* [Assigned task]
Write out, word for word, the part of the listing below that opens with the line containing "Hostal Blue Moon Inn And Pool Resort" and closes with the line containing "Pearl natural stone", keeping both of those lines and adding no others.
======== Records provided
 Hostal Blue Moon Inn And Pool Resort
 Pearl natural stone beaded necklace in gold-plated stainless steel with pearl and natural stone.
================
======== Records provided
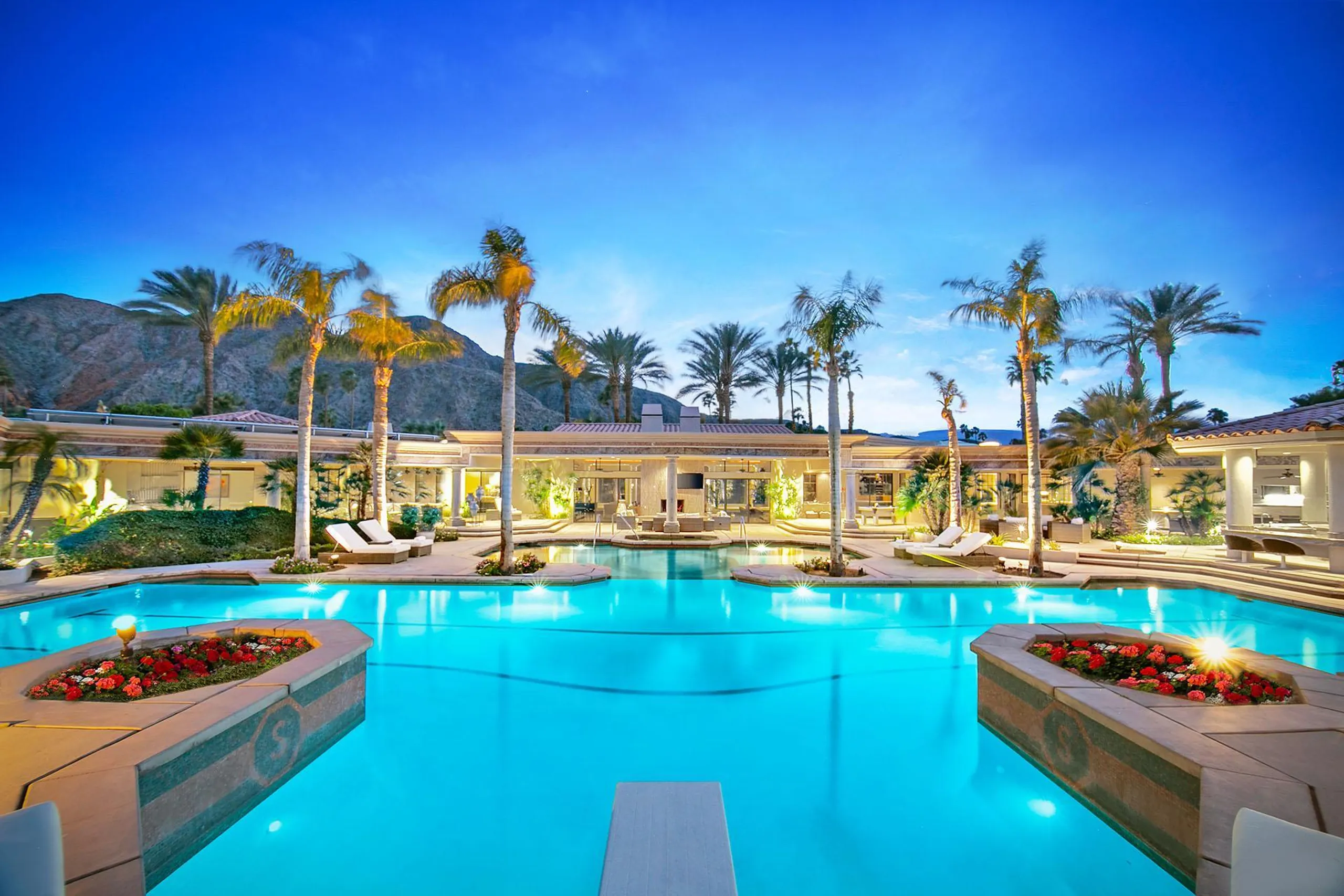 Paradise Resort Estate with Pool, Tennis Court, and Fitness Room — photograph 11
================
* [Solution to this task]
 Hostal Blue Moon Inn And Pool Resort
 Pearl natural stone beaded necklace in gold-plated stainless steel with pearl and natural stone.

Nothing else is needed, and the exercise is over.